When copying the entries below, leave out every picture and keep the rest exact.

### Extracted entries

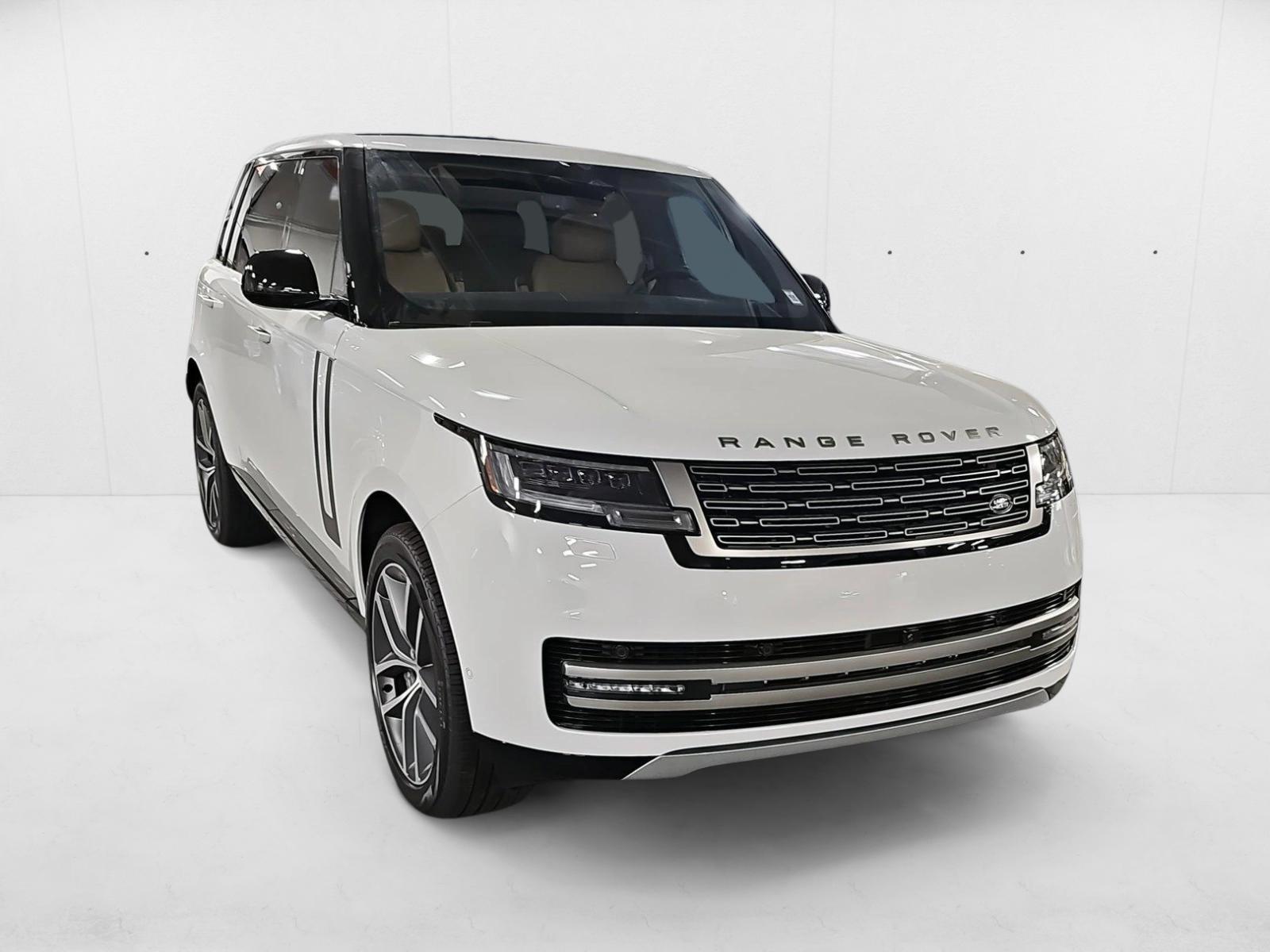 2025 Land Rover Range Rover SE photo 3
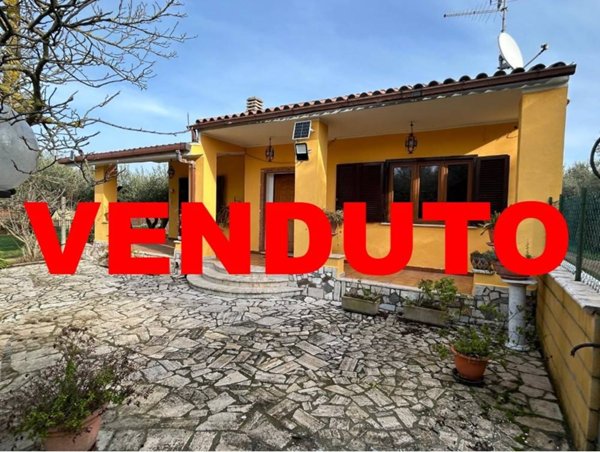 casa indipendente in vendita a San Cesareo in zona Colle di Fuori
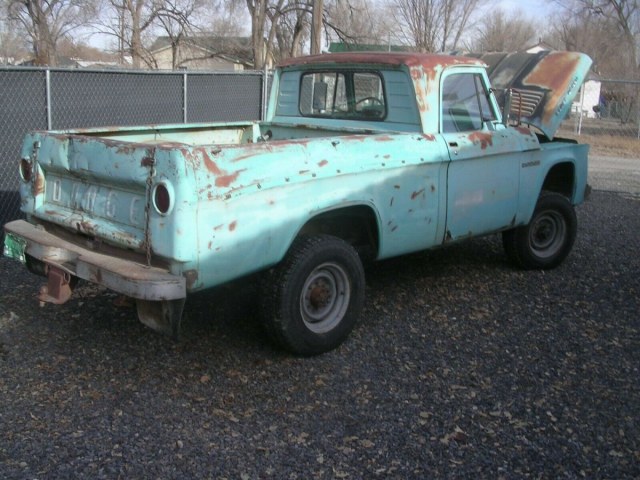 1962-dodge-power-wagon-w100-sweptline-4x4-12-ton-rare-4.jpg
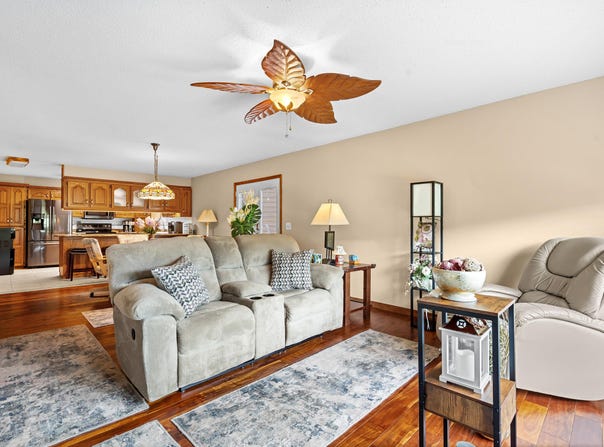150 Sunken Forest Drive, Forsyth, MO 65653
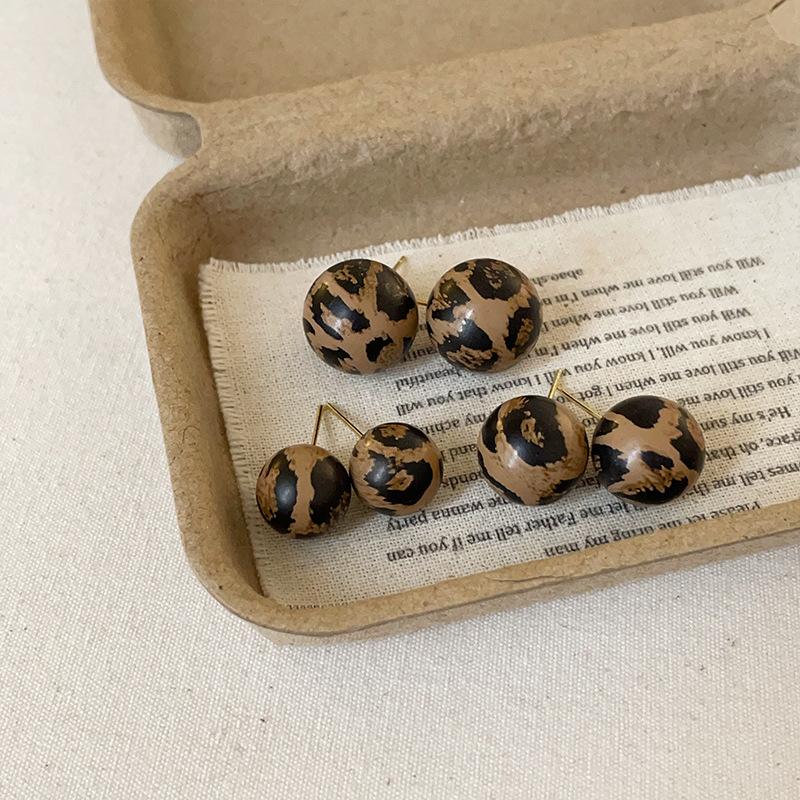 Nischen-Designgefühl Leopardenmuster Harz-Kugelstecker Ohrringe Damen Maillard Retro Leichter Luxus Mode Vielseitige Ohrringe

######

# Response to the task
 2025 Land Rover Range Rover SE photo 3
 casa indipendente in vendita a San Cesareo in zona Colle di Fuori
 1962-dodge-power-wagon-w100-sweptline-4x4-12-ton-rare-4.jpg
150 Sunken Forest Drive, Forsyth, MO 65653
 Nischen-Designgefühl Leopardenmuster Harz-Kugelstecker Ohrringe Damen Maillard Retro Leichter Luxus Mode Vielseitige Ohrringe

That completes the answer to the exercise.